Adobe After Effects
Adobe After Effects CS4 (and CS3) spawns subprocesses -- one for each core -- when 'multiprocessing' is enabled in Preferences. Each of those subprocesses can grab up to 3GB of RAM. We typically use the Total Benchmark created by Brian Maffitt to benchmark with After Effects. If you run Activity Monitor during the rendering, you can not only observe the multiple subprocesses but you can observe how much real memory each of them is appropriating as the second phase of the project render progresses toward completion. When we had 16G installed, we observed 13GB of real memory in use.
As a general rule, the more cores you have and the memory you have, the better After Effects can "breathe."
Photoshop CS4
Only certain functions/filters in Photoshop use multiple cores.

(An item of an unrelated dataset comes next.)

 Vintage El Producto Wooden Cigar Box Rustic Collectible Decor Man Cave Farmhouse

A few examples of "MP aware" functions include Rotate, Gaussian Blur, Lighting Effects, Lens Flare, Pointilize, and Sharpen Edges.

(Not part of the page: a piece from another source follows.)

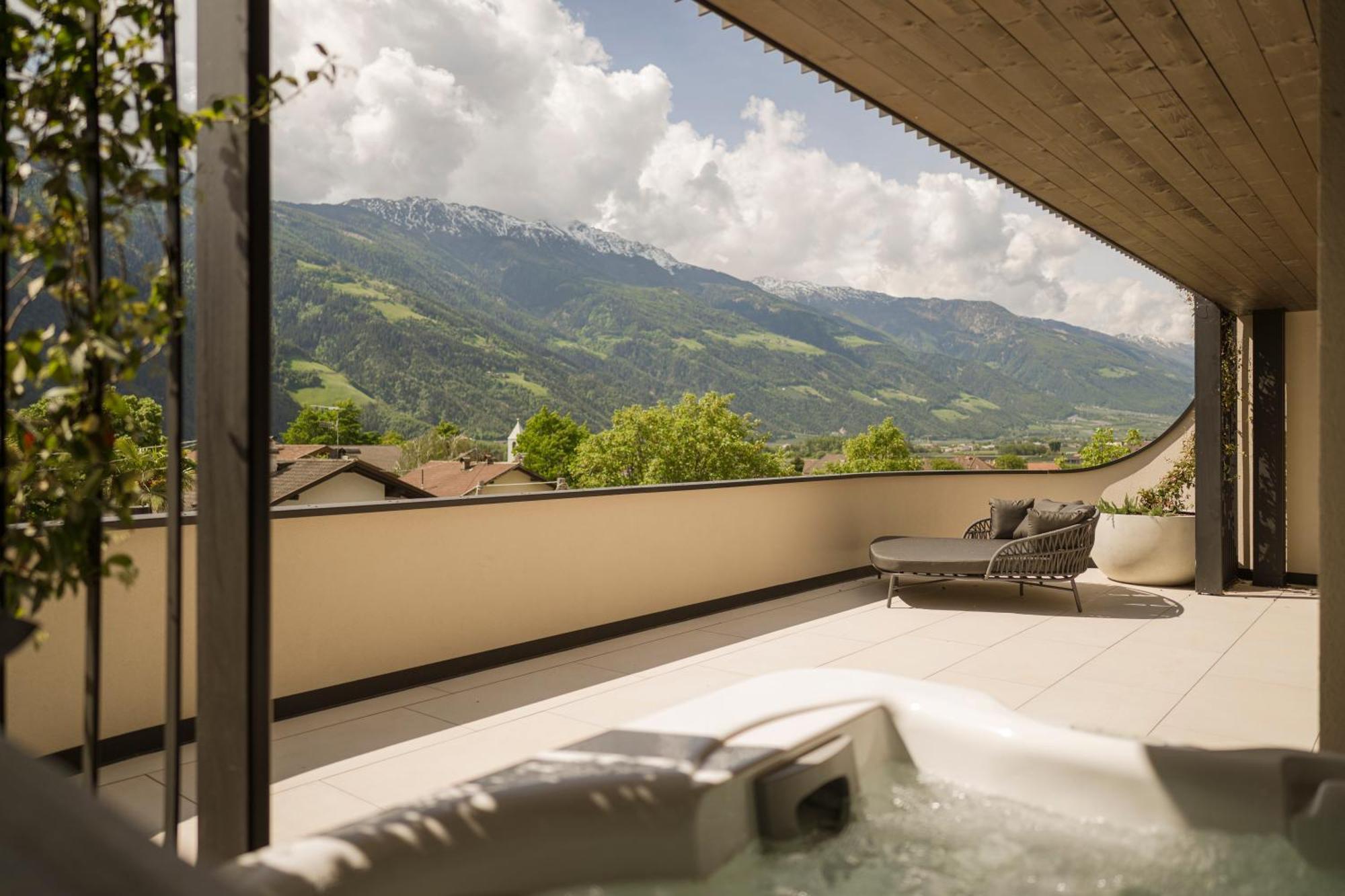 Appartamento Deluxe con 2 Camere da Letto e Balcone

As for memory usage, though you can only specify up to 3GB memory cache in the Performance Preference panel, Mac OS X is clever enough to grab unused memory as a virtual scratch volume instead before handing off the task to the actual scratch disk. If you are editing RAW photos with lots of layers and lots of history states, having the 8 memory slots in the 8-core Nehalem at dual-channel speeds can be better than 6 sticks running at triple-channel speeds. That's because slower memory transfers are better than really slow hard disk hits.